CFGFast: Static Analysis

CFGFast uses static analysis to quickly recover the control-flow graph without executing code.

Basic Usage

import angr

# Load the binary
p = angr.Project('/bin/ls', load_options={'auto_load_libs': False})

# Generate CFG
cfg = p.analyses.CFGFast()

print(f"Found {len(cfg.graph.nodes())} nodes")
print(f"Found {len(cfg.graph.edges())} edges")
print(f"Found {len(cfg.kb.functions)} functions")

Key Features

1

Function Detection

CFGFast identifies functions through:
  • Binary symbols (for non-stripped binaries)
  • Function prologues (architecture-specific patterns)
  • Call targets
  • Entry point analysis
2

Control Flow Recovery

  • Lifts basic blocks to VEX IR
  • Analyzes direct jumps and calls
  • Resolves indirect jumps using jump table analysis
  • Handles FakeRet edges for call returns
3

Iterative Refinement

  • Initial pass assumes all functions return
  • Second pass updates based on actual function behavior
  • Removes FakeRet edges for non-returning functions

Configuration Options

cfg = p.analyses.CFGFast(
    # Start analysis from specific addresses
    function_starts=[0x400000, 0x400100],
    
    # Force complete binary scan (disable for blobs)
    force_complete_scan=True,
    
    # Normalize the CFG (each block belongs to one function)
    normalize=False,
    
    # Resolve indirect jumps
    resolve_indirect_jumps=True,
    
    # Collect data references
    data_references=True,
    
    # Cross-references analysis
    cross_references=True,
)

Accessing CFG Data

# Get the NetworkX graph
graph = cfg.graph

# Get any node at an address
node = cfg.model.get_any_node(0x400000)

# Get all nodes at an address (multiple contexts)
nodes = cfg.model.get_all_nodes(0x400000)

# Iterate over nodes
for node in graph.nodes():
    print(f"Block at {node.addr:#x}, size {node.size}")
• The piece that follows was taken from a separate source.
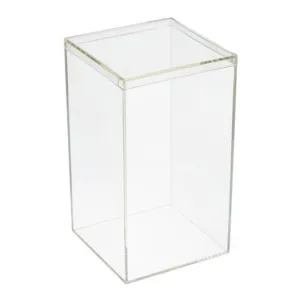 4 X 4 X 7.25 ACRYLIC BOX 24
# Get successors and predecessors
for succ in graph.successors(node):
    print(f"Successor: {succ.addr:#x}")

for pred in graph.predecessors(node):
    print(f"Predecessor: {pred.addr:#x}")

# Get edges with jump kinds
for src, dst, data in graph.edges(data=True):
    jumpkind = data.get('jumpkind', 'Ijk_Boring')
    print(f"{src.addr:#x} --[{jumpkind}]--> {dst.addr:#x}")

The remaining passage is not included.